Is Social Security a Ponzi Scheme?

In his book, and the Republican debates, Rick Perry has made headlines by characterizing Social Security as a Ponzi scheme. This has led to a big uproar about the nature of Social Security, and a debate over whether or not that characterization is a fair one.

Both would probably agree about what is really important: Social Security needs to be changed. But they have gotten caught up in the rhetoric.

Mr. Charles Ponzi has gotten a great deal of attention since the collapse of the massive Maddoff operation, which devolved into what was essentially a Ponzi scheme. For the uninitiated, a Ponzi scheme is a classic confidence scam. The perpetrator of the scheme convinces an initial group of investors to give him/her money, promising unbelievable returns on their investments. However, the money is never invested, no productive returns actually accrue. But the perpetrator tells his investors that they are, in fact, getting those great returns. If any of them ask for the money he gives them the only money that he has – the other investors money. Luckily, if you are convinced you are making 50% returns every year, you generally do not suddenly take out all of your money. Maybe you put more in. You probably also tell your neighbor about the opportunity. Soon enough, more and more people are investing, and the perpetrator has to try to ensure that no one wises up. The obvious problem being that if at any time there is not enough new money coming in the whole scheme falls apart.

Social Security is obviously distinguished from this because it is not technically fraudulent (no one is being outright lied to), and the program is mandatory because the government runs it. Important distinctions to be sure, however, they do not speak to the point that Perry and others are making. Like a Ponzi scheme, Social Security is a pay-as-you-go system. The fundamental problem of both is also similar, but certainly not the same. A Ponzi scheme requires more people to be paying in otherwise it collapses. Social Security has a similar problem, in that it has always operated with many more people paying in than out and as that balance shifts towards less peopling paying in its solvency will disappear.
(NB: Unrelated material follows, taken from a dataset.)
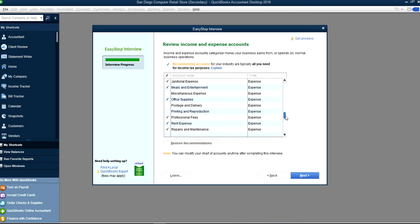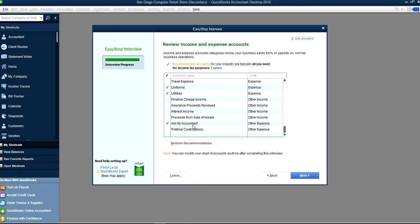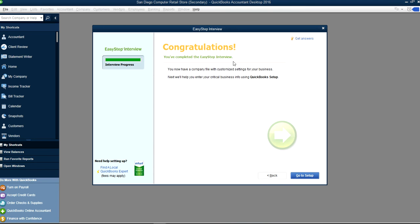At the bottom you'll see Ask My Accountant. For certain expenses you don't know where to put, this is where they go — then you review with your accountant. Even if you don't have an accountant, you can put items here and run a report for your boss to review later. This is a very important account to use. Click Next — congratulations, go to Set Up Now.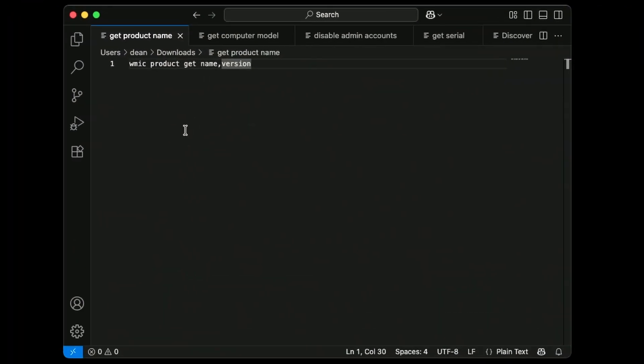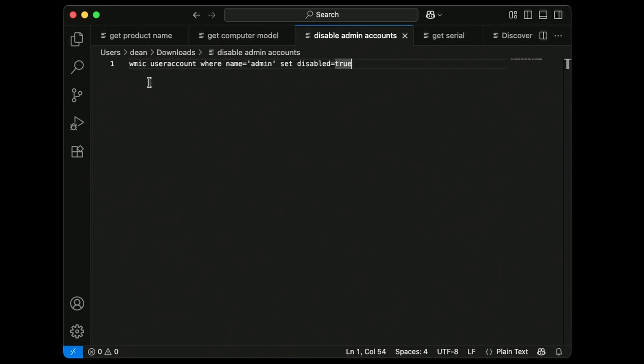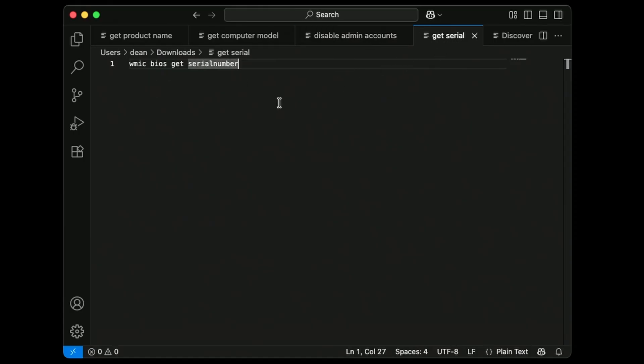So which scripts would use WMIC? It's a fair question. Let me show you some that I found in my customer environments last week. These are going to be really common in environments that have been around since organizations used SCCM. So: get product name — 'WMIC product get name version'; get computer model — 'WMIC computersystem get model'; disabling admin accounts, common in task sequences — 'WMIC useraccount where name equals admin set disabled equals true'; and get serial — 'WMIC bios get serialnumber', very common for renaming devices to the serial number. The point is, these are going to be quite common.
But does the comparison really matter? No. In the past I’ve compared Social Security to a Ponzi scheme, but I know it is more of an ad hominem attack than anything else. As Friedman points out in the video above, a pay-as-you-go system is not inherently bad. The way this one has been designed does not work. Even an ideally reformed version of Social Security may or may not involve pay-as-you-go.

I’m not totally against Perry’s characterization of Social Security. We need to be critical of Social Security, because it needs to be dramatically reformed. Unfortunately, it has long history of retaining fun Washington idioms as an untouchable “third rail” or “scared cow” (yet for some reason, Perry is apparently not taking much heat). As result we have only been willing to do as little as possible to keep it sustainable. Those non-systemic band-aid (raising retirement age, reducing benefits) reforms need to be jettisoned. The entire system of how we take care of elderly needs to be reevaluated. The sooner the better. This is an issue that domestic policy analysts of all sides can get behind, because the eventual insolvency of social security is not debatable.

Perry’s calling Social Security a Ponzi scheme may be somewhat effective in making people be critical of the program, as we need to be, but it probably distracts from the real problems that the program has.